=== What you are asked to do ===
Print each entry again exactly as written, and keep the pictures out.

Web page caption snippets:
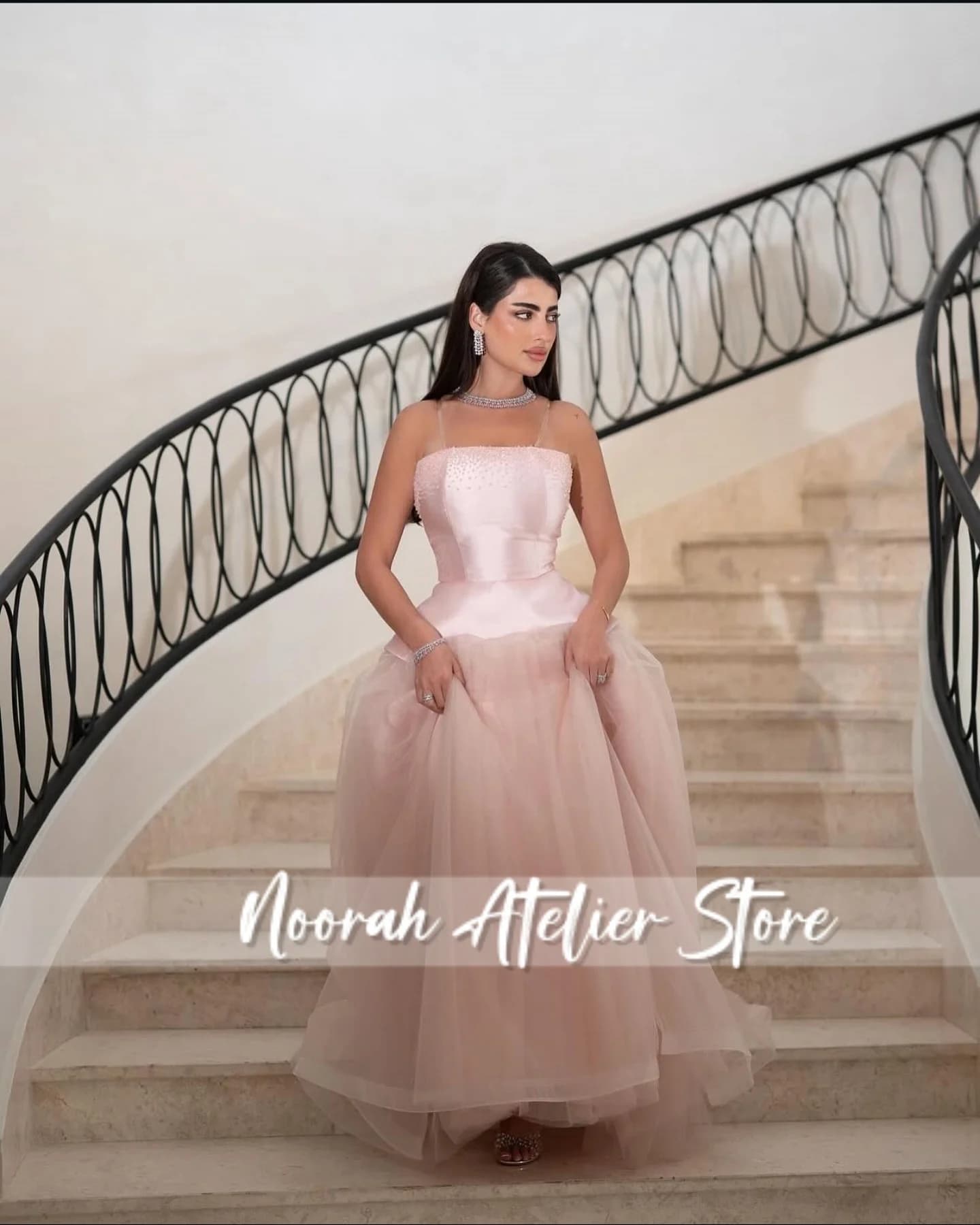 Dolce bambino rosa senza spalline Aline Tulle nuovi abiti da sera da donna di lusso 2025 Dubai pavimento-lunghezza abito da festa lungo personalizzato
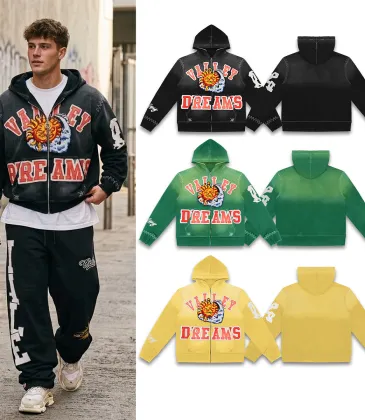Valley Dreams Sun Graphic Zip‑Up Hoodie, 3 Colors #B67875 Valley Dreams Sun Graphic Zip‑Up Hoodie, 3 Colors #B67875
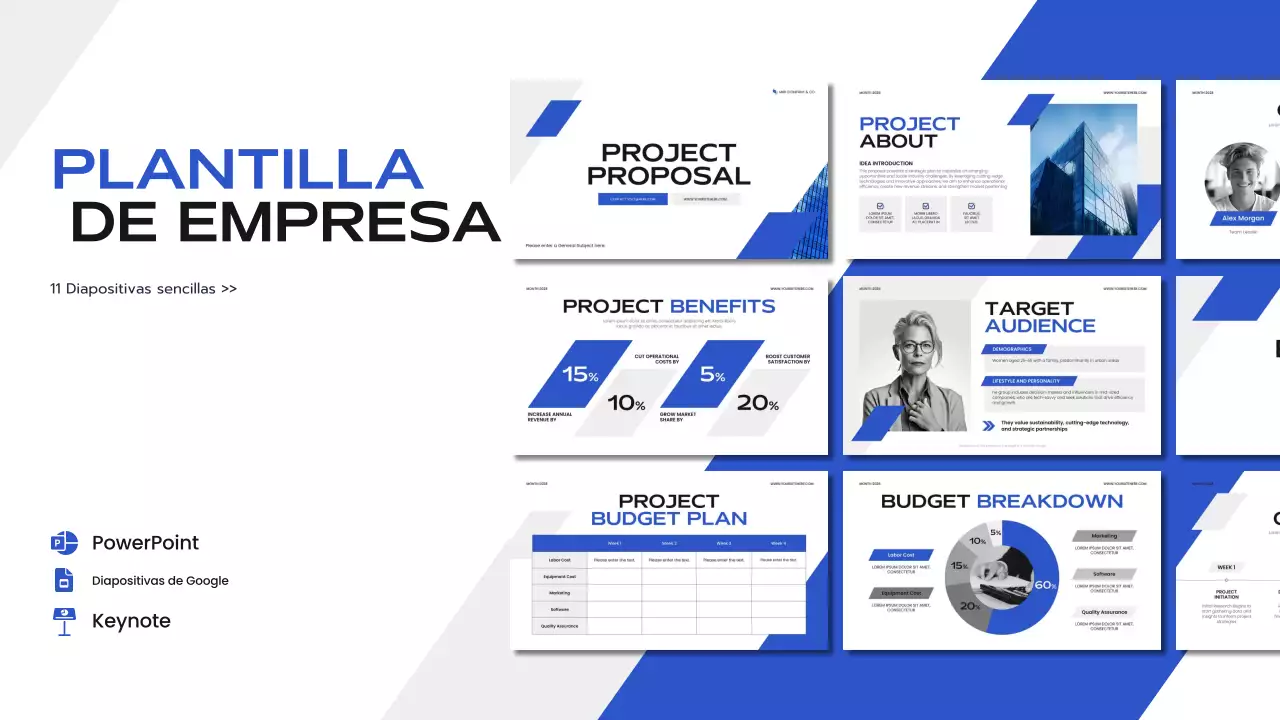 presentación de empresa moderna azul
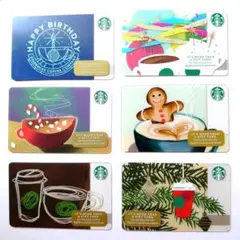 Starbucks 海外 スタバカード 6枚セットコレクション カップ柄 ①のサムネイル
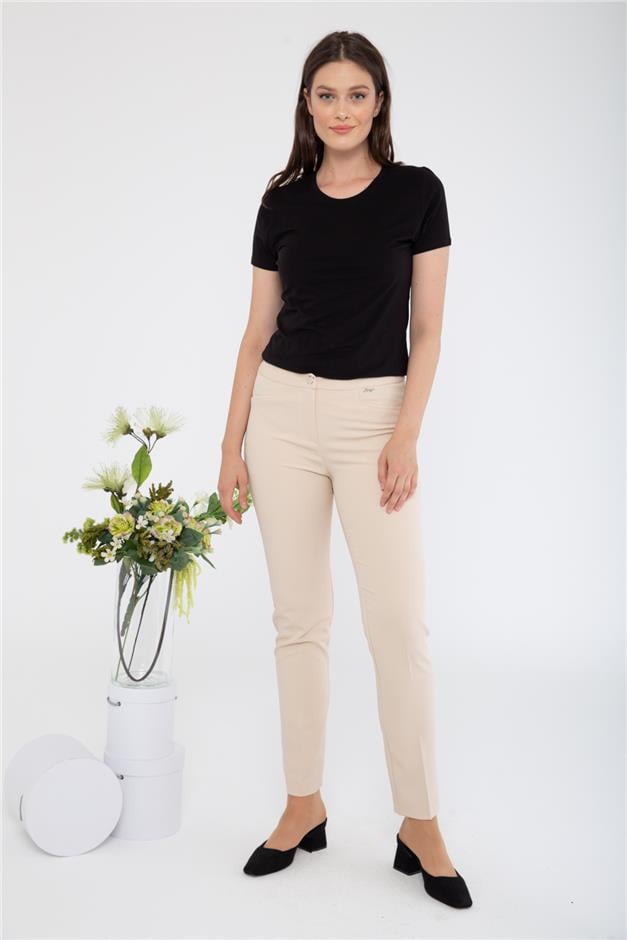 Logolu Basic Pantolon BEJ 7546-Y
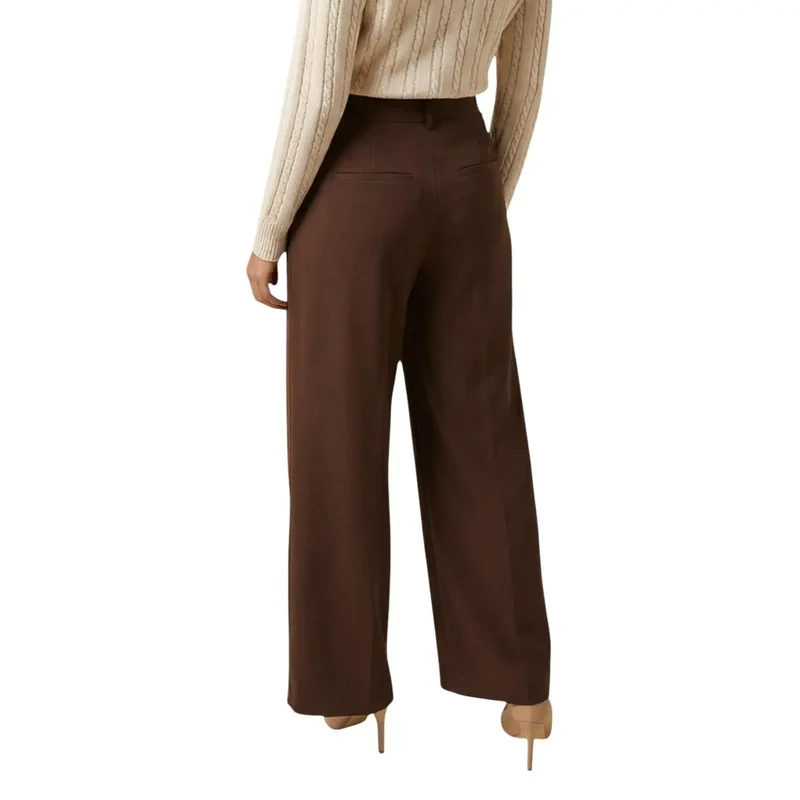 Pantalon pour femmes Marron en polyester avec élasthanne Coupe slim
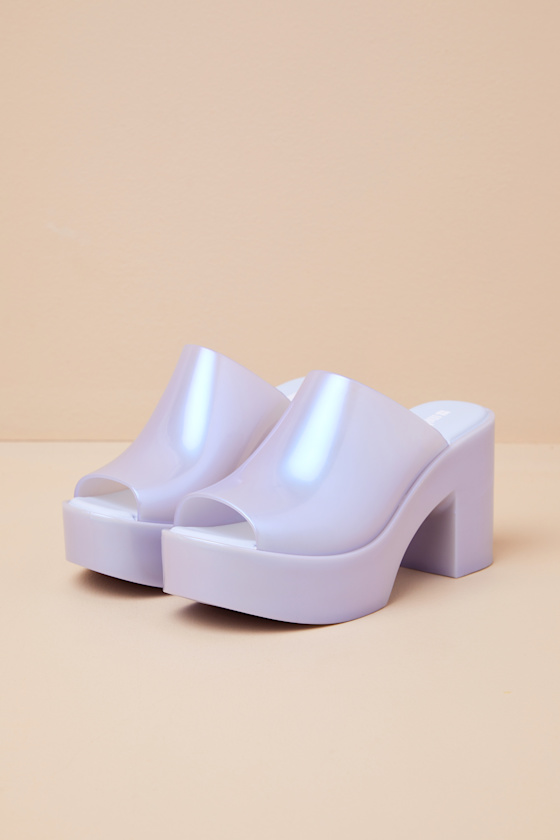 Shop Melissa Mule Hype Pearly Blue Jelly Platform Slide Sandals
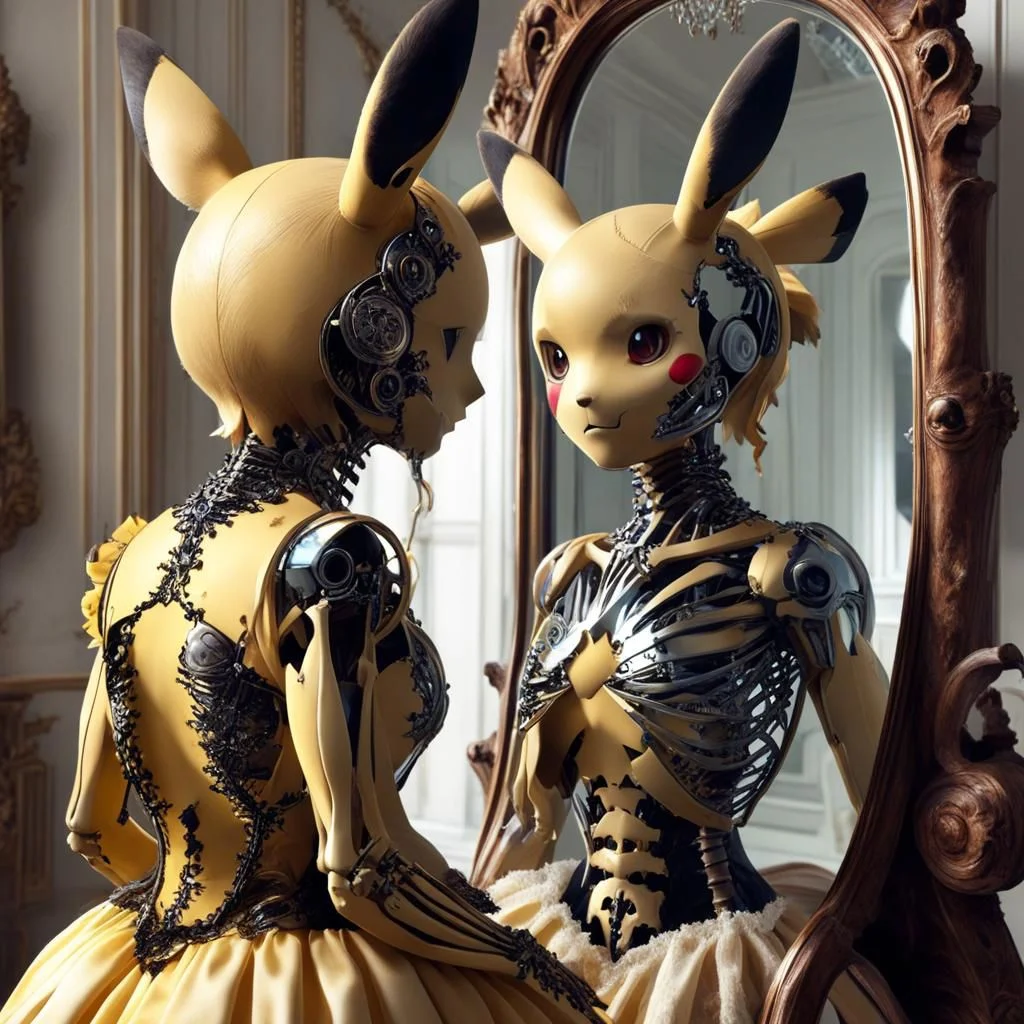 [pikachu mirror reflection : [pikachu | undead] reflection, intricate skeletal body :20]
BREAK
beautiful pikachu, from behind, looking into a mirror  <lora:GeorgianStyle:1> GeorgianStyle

=== Output of the task ===
 Dolce bambino rosa senza spalline Aline Tulle nuovi abiti da sera da donna di lusso 2025 Dubai pavimento-lunghezza abito da festa lungo personalizzato
Valley Dreams Sun Graphic Zip‑Up Hoodie, 3 Colors #B67875 Valley Dreams Sun Graphic Zip‑Up Hoodie, 3 Colors #B67875
 presentación de empresa moderna azul
 Starbucks 海外 スタバカード 6枚セットコレクション カップ柄 ①のサムネイル
 Logolu Basic Pantolon BEJ 7546-Y
 Pantalon pour femmes Marron en polyester avec élasthanne Coupe slim
 Shop Melissa Mule Hype Pearly Blue Jelly Platform Slide Sandals
 [pikachu mirror reflection : [pikachu | undead] reflection, intricate skeletal body :20]
BREAK
beautiful pikachu, from behind, looking into a mirror  <lora:GeorgianStyle:1> GeorgianStyle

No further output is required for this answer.